> _INPUT RECORDS_:
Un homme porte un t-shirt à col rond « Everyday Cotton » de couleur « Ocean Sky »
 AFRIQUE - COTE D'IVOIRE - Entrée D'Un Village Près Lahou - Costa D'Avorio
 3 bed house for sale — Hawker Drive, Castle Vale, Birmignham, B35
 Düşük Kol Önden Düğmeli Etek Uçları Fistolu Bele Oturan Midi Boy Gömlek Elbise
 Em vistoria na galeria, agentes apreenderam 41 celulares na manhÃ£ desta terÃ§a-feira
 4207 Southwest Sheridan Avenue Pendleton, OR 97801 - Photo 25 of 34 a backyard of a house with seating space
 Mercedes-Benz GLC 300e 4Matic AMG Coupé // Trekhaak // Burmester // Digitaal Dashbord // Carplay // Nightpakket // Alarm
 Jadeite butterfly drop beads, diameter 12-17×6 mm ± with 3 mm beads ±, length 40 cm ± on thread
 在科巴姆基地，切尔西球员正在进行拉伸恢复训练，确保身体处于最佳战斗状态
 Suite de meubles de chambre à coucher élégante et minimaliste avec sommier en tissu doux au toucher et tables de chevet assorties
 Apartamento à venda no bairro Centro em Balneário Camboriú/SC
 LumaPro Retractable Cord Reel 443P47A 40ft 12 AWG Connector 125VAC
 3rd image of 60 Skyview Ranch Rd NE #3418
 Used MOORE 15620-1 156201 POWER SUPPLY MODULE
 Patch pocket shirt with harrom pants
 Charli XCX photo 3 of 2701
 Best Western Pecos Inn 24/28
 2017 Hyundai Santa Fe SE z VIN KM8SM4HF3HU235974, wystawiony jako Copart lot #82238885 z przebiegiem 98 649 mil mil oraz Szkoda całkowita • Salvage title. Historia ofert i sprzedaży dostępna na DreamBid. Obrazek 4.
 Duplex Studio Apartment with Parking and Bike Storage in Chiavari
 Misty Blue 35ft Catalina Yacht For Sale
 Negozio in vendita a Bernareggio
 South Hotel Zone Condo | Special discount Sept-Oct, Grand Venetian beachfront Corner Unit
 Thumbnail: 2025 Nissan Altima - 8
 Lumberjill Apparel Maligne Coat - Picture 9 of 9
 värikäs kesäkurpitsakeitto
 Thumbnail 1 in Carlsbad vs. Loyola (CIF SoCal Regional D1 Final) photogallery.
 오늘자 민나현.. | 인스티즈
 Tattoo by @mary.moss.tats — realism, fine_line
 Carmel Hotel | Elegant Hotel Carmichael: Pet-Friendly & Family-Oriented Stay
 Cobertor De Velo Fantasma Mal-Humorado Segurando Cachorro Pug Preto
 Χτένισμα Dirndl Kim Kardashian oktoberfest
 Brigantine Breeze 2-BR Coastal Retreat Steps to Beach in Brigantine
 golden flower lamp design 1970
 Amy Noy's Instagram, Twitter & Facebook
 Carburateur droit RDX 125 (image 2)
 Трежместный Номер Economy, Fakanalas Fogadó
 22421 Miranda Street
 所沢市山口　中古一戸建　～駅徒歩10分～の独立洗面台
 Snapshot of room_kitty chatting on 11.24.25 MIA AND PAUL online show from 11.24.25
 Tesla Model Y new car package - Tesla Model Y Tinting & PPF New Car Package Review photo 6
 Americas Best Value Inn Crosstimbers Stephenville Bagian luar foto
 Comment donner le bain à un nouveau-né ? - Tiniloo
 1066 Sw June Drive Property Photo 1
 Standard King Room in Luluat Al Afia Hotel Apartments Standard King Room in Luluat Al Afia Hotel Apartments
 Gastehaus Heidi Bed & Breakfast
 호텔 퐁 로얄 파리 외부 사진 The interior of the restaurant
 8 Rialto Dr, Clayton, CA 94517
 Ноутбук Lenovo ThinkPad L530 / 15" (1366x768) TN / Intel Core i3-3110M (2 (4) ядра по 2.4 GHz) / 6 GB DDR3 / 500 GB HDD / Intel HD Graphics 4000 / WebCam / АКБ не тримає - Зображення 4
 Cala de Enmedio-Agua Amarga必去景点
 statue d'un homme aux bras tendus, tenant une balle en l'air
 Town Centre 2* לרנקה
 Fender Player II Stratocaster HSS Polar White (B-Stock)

> _EXERCISE_: From the line that has "Em vistoria na" through the line that has "3rd image of 60 Skyview Ranch Rd NE #3418", copy every line exactly as it appears above, and leave out all others.

> _ANSWER FOR THIS EXERCISE_:
 Em vistoria na galeria, agentes apreenderam 41 celulares na manhÃ£ desta terÃ§a-feira
 4207 Southwest Sheridan Avenue Pendleton, OR 97801 - Photo 25 of 34 a backyard of a house with seating space
 Mercedes-Benz GLC 300e 4Matic AMG Coupé // Trekhaak // Burmester // Digitaal Dashbord // Carplay // Nightpakket // Alarm
 Jadeite butterfly drop beads, diameter 12-17×6 mm ± with 3 mm beads ±, length 40 cm ± on thread
 在科巴姆基地，切尔西球员正在进行拉伸恢复训练，确保身体处于最佳战斗状态
 Suite de meubles de chambre à coucher élégante et minimaliste avec sommier en tissu doux au toucher et tables de chevet assorties
 Apartamento à venda no bairro Centro em Balneário Camboriú/SC
 LumaPro Retractable Cord Reel 443P47A 40ft 12 AWG Connector 125VAC
 3rd image of 60 Skyview Ranch Rd NE #3418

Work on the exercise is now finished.